Franziskaner, Konventuale, Observanten
Franziskaner im mittelalterlichen Ungarn
Bereits kurz nach der Gründung ihres Ordens erschienen die Franziskaner in der zweiten Hälfte der 1220er Jahre auch in Ungarn, wo der Orden insbesondere nach dem Mongolensturm außergewöhnlich rasch Verbreitung fand. Im 14. Jahrhundert entstanden zwei Hauptzweige, der Konventual- und der Observantenzweig. Letztgenannter tauchte ab Mitte des Jahrhunderts in den Schriftquellen auf.
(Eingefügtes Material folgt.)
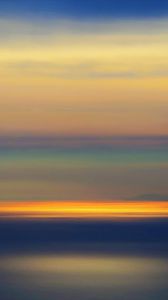 Preview wallpaper sunset, horizon, blur, water, surface, reflection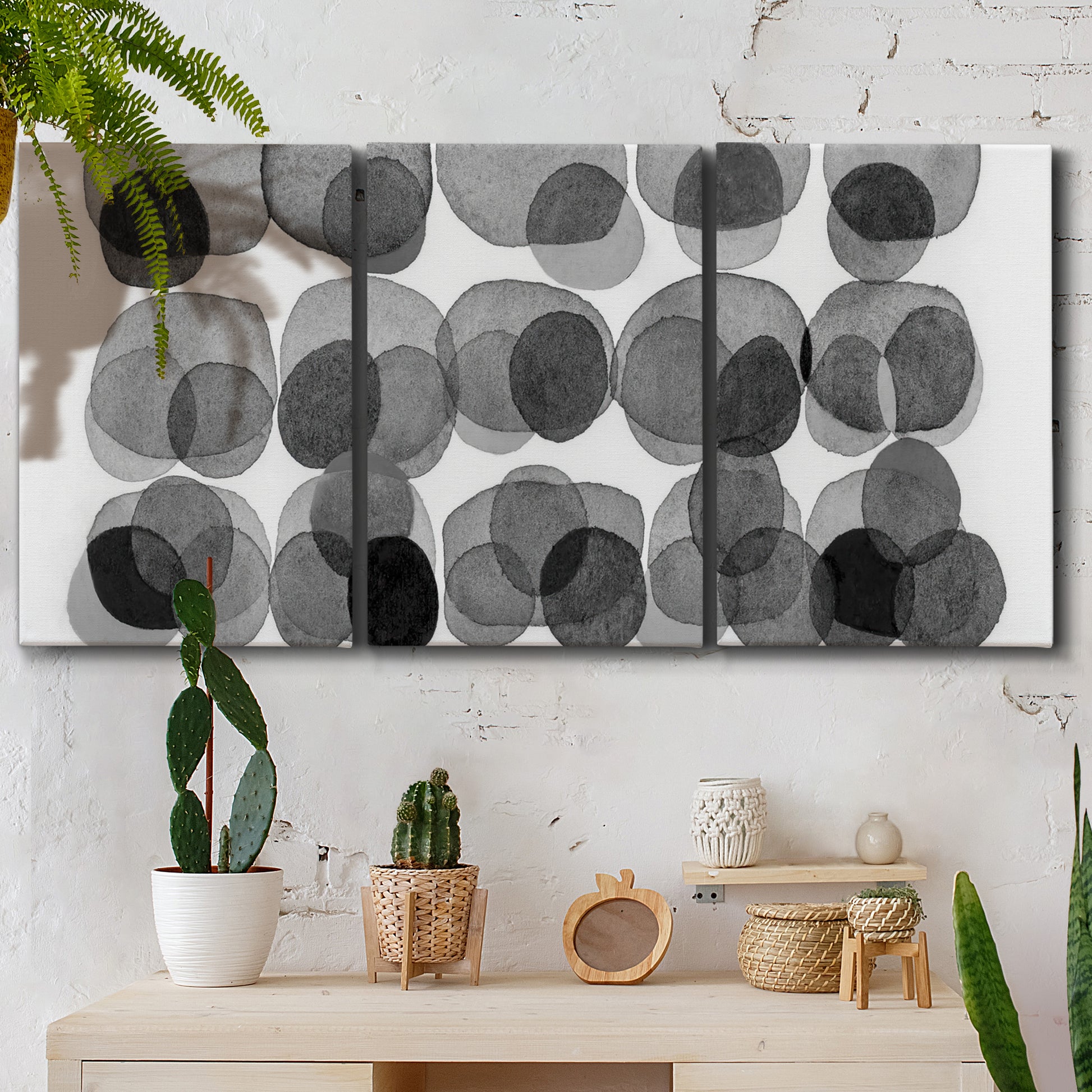 Three-panel canvas wall art featuring geometric abstract watercolor forms, displayed in a boho-chic entryway above a console table.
Die jahrzehntelangen Gegensätze zwischen beiden verschärften sich, als die Observanten in zwei jener Städte (Großwardein und Szeged) neue Klöster gründeten, in denen es schon lange Konventualklöster gab. Erst als die Observanten Anfang des 16. Jahrhunderts versprachen, solche Neugründungen künftig zu unterlassen, und als 1517 auch die Konventualen die Einhaltung der strengeren Regeln annahmen, lösten sich die Spannungen. Zu dieser Zeit wurde mit den früheren Konventualklöstern die marianische, und mit den ehemaligen Observantenklöstern die salvatorianische Ordensprovinz gebildet.
BR
Konventuale
An der Wende vom 13. auf das 14. Jahrhundert kam es zum sog. Armuts-Disput, der das Leben des Franziskanerordens grundlegend veränderte. Es ging dabei im wesentlichen um die Interpretierung der vom hl. Franzikus für besonders wichtig erachteten Armut. Ein Teil der Ordensmitglieder akzeptierte die radikale Interpretation und verwarf jede Art von Eigentum, insbesondere Grundbesitz. Daraus entwickelte sich der Zweig der Observanten. Im Gegensatz dazu sahen die Vertreter des anderen Zweiges den Besitz weniger wertvoller Immobilien und auch wertvoller Güter als Ausdruck des religiösen Empfindens der Gläubigen an. Diesen Zweig nannte man ab dem 14. Jahrhundert Konventuale. Die Mitglieder des ungarländischen Konventualzweiges akzeptierten Anfang des 16. Jahrhunderts schließlich die strengeren Vorschriften, d.h. ein der regulären Observanz gemäßes Leben.
BR
Observanten
Zweig des Franziskanerordens, der die Regeln des hl. Franziskus strenger einhielt. Erschien in Ungarn schon im 14. Jahrhundert. Anfangs gründeten die Observanten nur in den südlichen Landesgegenden Klöster. Hier war ihr Hauptziel nicht so sehr die Bekehrung der Ungläubigen, sondern eher der Orthodoxen (nach zeitgenössischem Sprachgebrauch auch Abtrünnige oder Schismatiker) und der bogumilischen Ketzer.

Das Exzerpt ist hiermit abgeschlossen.